• Try it
Please transcribe, exactly, the line that contains "<b>焼鳥 せせり(塩)｜雞" and every line after it to the end of the records, and nothing else.

• Scraped caption text data
+++
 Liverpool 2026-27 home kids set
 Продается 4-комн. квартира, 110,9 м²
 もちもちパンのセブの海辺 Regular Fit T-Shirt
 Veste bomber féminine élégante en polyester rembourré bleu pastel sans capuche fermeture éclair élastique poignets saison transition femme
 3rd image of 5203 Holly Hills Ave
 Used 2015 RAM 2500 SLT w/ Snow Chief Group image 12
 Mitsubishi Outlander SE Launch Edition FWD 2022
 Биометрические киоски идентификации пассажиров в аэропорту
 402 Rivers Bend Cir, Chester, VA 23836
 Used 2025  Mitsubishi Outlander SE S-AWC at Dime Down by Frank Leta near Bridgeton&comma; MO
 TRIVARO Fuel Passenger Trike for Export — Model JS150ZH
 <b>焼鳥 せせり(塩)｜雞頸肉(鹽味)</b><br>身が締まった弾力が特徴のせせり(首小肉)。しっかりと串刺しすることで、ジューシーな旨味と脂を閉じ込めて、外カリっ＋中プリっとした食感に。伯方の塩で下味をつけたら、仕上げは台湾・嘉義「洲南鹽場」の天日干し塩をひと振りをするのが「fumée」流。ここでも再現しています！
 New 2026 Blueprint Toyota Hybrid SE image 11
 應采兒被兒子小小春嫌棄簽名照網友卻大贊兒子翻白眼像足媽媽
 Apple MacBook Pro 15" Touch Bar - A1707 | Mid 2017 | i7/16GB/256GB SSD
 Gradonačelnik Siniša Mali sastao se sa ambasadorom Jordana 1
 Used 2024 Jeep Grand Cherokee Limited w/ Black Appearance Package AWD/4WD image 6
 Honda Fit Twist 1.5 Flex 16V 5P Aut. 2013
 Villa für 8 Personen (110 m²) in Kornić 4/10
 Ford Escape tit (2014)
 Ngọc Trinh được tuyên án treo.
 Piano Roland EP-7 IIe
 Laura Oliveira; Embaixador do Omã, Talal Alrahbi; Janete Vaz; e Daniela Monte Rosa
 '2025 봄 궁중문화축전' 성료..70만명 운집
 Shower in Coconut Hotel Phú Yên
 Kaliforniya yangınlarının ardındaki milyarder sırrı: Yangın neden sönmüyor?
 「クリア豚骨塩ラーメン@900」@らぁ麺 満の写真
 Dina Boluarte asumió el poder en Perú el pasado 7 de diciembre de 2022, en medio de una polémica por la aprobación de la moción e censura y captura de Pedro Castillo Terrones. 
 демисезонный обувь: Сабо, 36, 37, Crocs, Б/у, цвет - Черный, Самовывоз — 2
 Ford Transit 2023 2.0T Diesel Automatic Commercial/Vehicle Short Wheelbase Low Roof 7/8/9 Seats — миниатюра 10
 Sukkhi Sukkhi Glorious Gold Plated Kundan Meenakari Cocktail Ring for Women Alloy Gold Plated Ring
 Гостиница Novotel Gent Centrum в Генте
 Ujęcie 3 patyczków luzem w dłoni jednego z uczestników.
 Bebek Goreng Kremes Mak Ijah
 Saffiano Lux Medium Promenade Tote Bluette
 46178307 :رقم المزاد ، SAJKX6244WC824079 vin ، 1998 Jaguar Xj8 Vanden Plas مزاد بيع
+++
• Expected answer
 <b>焼鳥 せせり(塩)｜雞頸肉(鹽味)</b><br>身が締まった弾力が特徴のせせり(首小肉)。しっかりと串刺しすることで、ジューシーな旨味と脂を閉じ込めて、外カリっ＋中プリっとした食感に。伯方の塩で下味をつけたら、仕上げは台湾・嘉義「洲南鹽場」の天日干し塩をひと振りをするのが「fumée」流。ここでも再現しています！
 New 2026 Blueprint Toyota Hybrid SE image 11
 應采兒被兒子小小春嫌棄簽名照網友卻大贊兒子翻白眼像足媽媽
 Apple MacBook Pro 15" Touch Bar - A1707 | Mid 2017 | i7/16GB/256GB SSD
 Gradonačelnik Siniša Mali sastao se sa ambasadorom Jordana 1
 Used 2024 Jeep Grand Cherokee Limited w/ Black Appearance Package AWD/4WD image 6
 Honda Fit Twist 1.5 Flex 16V 5P Aut. 2013
 Villa für 8 Personen (110 m²) in Kornić 4/10
 Ford Escape tit (2014)
 Ngọc Trinh được tuyên án treo.
 Piano Roland EP-7 IIe
 Laura Oliveira; Embaixador do Omã, Talal Alrahbi; Janete Vaz; e Daniela Monte Rosa
 '2025 봄 궁중문화축전' 성료..70만명 운집
 Shower in Coconut Hotel Phú Yên
 Kaliforniya yangınlarının ardındaki milyarder sırrı: Yangın neden sönmüyor?
 「クリア豚骨塩ラーメン@900」@らぁ麺 満の写真
 Dina Boluarte asumió el poder en Perú el pasado 7 de diciembre de 2022, en medio de una polémica por la aprobación de la moción e censura y captura de Pedro Castillo Terrones. 
 демисезонный обувь: Сабо, 36, 37, Crocs, Б/у, цвет - Черный, Самовывоз — 2
 Ford Transit 2023 2.0T Diesel Automatic Commercial/Vehicle Short Wheelbase Low Roof 7/8/9 Seats — миниатюра 10
 Sukkhi Sukkhi Glorious Gold Plated Kundan Meenakari Cocktail Ring for Women Alloy Gold Plated Ring
 Гостиница Novotel Gent Centrum в Генте
 Ujęcie 3 patyczków luzem w dłoni jednego z uczestników.
 Bebek Goreng Kremes Mak Ijah
 Saffiano Lux Medium Promenade Tote Bluette
 46178307 :رقم المزاد ، SAJKX6244WC824079 vin ، 1998 Jaguar Xj8 Vanden Plas مزاد بيع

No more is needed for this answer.